Se já passaram décadas desde que o III Reich capitulou, a verdade é que a Segunda Guerra Mundial continua a ser um filão aparentemente interminável de ideias e histórias para a realização de um filme. Por causa dela, já vimos de tudo, desde épicos sobre o conflito completo, até episódios centrados em pequenos eventos. O veículo escolhido tem sido o do cinema, mas não nos olvidamos com bastante certeza da qualidade evidenciada na mini-série "Irmãos de Armas," uma tremenda produção de Steven Spielberg.

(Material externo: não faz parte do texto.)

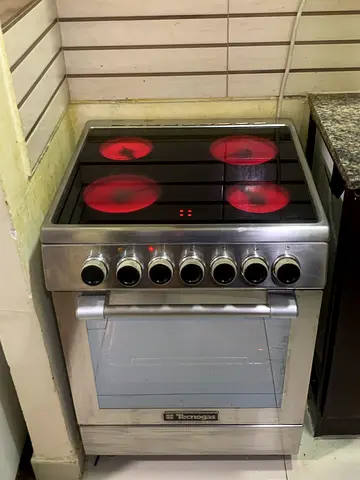 Electric stove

Em "O Rapaz do Pijama às Riscas" acompanhamos a vida do pequeno Bruno (Asa Butterfield), filho de um recentemente promovido comandante nazi, cuja nova missão obriga a sua família a abandonar Berlim e ir viver para uma luxuosa casa num idílico ambiente campestre. Com ele segue viagem a mãe (Vera Farmiga), a irmã Gretel (Amber Beattie) e a empregada mais chegada da família, Maria (Cara Horgan). A casa encontra-se edificada paredes meias com um campo de concentração (que será com toda a certeza o de Auschwitz-Birkenau), que se encontrava no auge do labor com vista a atingir a chamada Solução Final.

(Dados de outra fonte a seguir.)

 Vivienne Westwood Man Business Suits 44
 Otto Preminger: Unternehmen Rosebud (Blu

Claro está que nós, como os soldados das Waffen-SS, sabemos perfeitamente o que se passa no dentro daquele terreno rodeado de arame farpado electrificado. Mas Bruno não. Para ele, não passa de uma estranha quinta com agricultores de pijama. Até que um dia, impulsionado pela curiosidade, decide explorar as traseiras da casa, até dar de caras com a dita rede e, especialmente, com Shmuel (Jack Scanlon), uma criança judia aprisionada no campo. Mas, para Bruno, não passa da descoberta de um novo e estranho amigo que anda todo o dia de pijama: “Why do you wear pajamas all day?”, questiona o jovem berlinense. “The soldiers. They took all our clothes away”, replica o encarcerado, resignado, que recebe a resposta guardada no baú da infantilidade - “my dad's a soldier, but not the sort that takes people's clothes away”. O pai (uma boa interpretação de David Thewlis), claro está, é o director do campo de concentração.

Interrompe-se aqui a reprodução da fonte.